Amazon AI system helps to cut 15% of speech recognition error on Alexa

A few months ago, Amazon had detailed information on some of the issues that prevented virtual assistant Alexa from giving exact feedback when users awakened this virtual assistant on some TV models, in internet advertising. or on the radio.

A few months ago, Amazon had elaborated on some of the issues that made Alexa unable to give an accurate response when users awakened this virtual assistant on some TV models, in internet advertising or on radio. . After all, the main problem here is how Amazon's voice assistant can effectively filter out background noise from the environment to give more accurate feedback to users. Recently, in an accompanying blog post and research document called End-to-End Anchored Speech Recognition, Amazon engineers presented a new noise isolation technique based on human intelligence. create, can help improve voice recognition as well as Alexa commands by 15%. More detailed information on how this system works is expected to be presented at the International Conference on Audio, Voice and Signal Processing held in Brighton later this year.

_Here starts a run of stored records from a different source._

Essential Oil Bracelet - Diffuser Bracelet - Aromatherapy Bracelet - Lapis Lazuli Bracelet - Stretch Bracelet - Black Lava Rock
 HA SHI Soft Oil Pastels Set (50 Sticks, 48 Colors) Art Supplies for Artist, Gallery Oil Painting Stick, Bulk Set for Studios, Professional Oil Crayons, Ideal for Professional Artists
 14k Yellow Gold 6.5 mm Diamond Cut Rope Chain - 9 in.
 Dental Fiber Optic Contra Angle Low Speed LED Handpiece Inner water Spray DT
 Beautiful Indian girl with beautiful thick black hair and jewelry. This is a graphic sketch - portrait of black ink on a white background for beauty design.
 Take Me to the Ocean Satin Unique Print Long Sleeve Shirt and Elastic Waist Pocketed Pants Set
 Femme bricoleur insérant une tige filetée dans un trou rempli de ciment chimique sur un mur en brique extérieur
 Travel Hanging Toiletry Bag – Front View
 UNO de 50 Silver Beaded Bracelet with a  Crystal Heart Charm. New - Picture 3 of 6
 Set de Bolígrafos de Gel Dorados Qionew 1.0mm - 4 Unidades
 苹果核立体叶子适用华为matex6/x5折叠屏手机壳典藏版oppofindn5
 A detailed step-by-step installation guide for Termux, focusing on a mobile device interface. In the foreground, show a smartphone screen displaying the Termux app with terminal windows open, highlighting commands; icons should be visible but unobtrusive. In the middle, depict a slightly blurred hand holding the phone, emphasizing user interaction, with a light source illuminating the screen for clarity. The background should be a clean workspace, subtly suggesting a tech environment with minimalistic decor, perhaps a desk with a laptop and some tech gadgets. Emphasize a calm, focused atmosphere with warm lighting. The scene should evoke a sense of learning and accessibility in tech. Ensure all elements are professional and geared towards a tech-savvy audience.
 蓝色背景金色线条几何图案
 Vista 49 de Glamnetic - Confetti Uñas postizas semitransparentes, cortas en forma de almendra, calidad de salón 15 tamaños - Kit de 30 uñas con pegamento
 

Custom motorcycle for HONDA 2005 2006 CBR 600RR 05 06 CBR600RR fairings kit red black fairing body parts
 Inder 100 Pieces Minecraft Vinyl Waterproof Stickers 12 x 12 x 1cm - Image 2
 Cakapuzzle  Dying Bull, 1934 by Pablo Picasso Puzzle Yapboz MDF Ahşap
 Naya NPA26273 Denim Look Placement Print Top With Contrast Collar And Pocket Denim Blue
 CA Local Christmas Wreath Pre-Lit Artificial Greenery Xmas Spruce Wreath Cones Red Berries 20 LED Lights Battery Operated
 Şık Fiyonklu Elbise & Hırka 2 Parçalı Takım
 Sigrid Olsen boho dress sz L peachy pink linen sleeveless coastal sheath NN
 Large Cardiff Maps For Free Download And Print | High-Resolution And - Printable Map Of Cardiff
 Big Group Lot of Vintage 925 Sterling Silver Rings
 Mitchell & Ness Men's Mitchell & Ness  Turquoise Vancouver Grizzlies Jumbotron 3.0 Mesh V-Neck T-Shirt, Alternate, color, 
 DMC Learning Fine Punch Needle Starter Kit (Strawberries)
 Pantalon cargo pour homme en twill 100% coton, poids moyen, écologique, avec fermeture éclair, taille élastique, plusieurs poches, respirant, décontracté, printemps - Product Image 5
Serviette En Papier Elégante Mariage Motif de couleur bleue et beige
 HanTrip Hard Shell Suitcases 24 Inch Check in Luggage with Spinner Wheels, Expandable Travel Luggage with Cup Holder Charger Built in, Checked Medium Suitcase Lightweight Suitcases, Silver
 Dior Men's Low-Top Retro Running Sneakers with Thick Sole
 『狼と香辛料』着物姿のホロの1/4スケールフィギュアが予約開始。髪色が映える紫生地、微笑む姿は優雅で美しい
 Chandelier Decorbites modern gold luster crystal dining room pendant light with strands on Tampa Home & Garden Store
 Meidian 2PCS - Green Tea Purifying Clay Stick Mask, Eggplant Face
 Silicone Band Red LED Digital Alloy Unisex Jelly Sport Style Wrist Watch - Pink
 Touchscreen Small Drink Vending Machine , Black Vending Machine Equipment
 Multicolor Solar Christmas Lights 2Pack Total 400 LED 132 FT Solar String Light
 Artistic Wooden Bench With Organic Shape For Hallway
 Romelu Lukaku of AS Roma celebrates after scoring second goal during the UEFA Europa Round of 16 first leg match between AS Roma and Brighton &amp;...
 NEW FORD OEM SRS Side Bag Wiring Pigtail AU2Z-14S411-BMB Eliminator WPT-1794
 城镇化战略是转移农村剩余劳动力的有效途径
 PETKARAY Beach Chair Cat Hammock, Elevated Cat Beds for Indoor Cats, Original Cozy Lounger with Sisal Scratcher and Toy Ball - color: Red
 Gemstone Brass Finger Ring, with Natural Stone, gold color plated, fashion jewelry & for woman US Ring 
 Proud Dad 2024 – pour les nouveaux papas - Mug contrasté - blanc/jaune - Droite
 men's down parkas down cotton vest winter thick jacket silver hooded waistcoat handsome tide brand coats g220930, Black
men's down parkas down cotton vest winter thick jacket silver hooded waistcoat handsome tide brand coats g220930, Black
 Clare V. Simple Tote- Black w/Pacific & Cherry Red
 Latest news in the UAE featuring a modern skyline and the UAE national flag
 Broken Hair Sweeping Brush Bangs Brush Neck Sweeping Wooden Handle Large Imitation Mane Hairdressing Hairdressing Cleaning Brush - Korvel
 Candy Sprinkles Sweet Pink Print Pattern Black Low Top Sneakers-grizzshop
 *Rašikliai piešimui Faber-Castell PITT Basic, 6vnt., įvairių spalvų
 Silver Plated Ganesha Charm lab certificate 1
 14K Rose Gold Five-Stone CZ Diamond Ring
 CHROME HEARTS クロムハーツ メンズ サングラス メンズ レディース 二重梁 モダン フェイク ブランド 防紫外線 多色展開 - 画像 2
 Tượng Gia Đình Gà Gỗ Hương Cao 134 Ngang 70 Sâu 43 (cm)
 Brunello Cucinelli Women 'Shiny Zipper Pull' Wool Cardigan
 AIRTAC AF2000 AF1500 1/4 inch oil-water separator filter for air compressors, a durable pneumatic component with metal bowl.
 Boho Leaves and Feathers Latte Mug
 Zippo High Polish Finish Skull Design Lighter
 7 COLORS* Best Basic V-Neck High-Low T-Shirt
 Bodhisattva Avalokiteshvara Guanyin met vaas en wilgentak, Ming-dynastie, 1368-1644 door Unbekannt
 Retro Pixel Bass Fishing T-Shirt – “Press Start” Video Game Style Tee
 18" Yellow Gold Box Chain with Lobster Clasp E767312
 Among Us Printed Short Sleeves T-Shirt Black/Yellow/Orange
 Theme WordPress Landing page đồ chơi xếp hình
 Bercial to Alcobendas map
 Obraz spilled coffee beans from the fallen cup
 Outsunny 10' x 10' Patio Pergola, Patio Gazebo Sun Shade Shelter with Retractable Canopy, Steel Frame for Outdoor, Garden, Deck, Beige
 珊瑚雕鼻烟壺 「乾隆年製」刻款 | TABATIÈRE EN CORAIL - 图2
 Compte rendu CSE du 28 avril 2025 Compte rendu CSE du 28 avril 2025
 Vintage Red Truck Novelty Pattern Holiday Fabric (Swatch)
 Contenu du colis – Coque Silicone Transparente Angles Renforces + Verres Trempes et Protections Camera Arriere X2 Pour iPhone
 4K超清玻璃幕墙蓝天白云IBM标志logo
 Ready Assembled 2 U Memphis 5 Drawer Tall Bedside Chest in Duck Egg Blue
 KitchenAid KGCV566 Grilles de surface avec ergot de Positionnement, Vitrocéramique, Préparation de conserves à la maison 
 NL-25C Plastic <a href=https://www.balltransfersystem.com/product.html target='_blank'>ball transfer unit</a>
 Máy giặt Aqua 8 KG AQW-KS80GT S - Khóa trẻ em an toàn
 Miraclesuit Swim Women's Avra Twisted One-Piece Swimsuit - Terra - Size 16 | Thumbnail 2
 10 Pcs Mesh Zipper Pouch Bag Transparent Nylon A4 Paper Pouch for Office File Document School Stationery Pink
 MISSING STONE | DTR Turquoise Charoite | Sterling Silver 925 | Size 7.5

Amazon AI system helps to cut 15% of speech recognition error on Alexa Picture 1Amazon AI system helps to cut 15% of speech recognition error on Alexa Picture 1

  1. Disney's AI model creates animated sequences from scripts

'In fact, we are always trying to improve the performance of Alexa by teaching this virtual assistant how to' ignore 'the commands that are not for me, in other words know how to select the command in a multitude of noises from the surroundings. To do so, we assume that the speaker activates an Alexa-enabled device by saying some specific phrases to awaken this virtual assistant (wake word) - usually 'Alexa' - and this is the key phrase that the virtual assistant must isolate and identify in a mess of sound from the outside environment. Basically, our technique will support 'capture' quickly the sound can be wake word (usually based on intonation or phoneme similarity) and conduct comparison with wake word. standard to accurately identify the sentence. After that, the sentence that has the most matching elements with the standard wake word will be understood as a command, while the other words will be considered background noise ', Xin Fan, team leader of the team in charge of Alexa AI explained.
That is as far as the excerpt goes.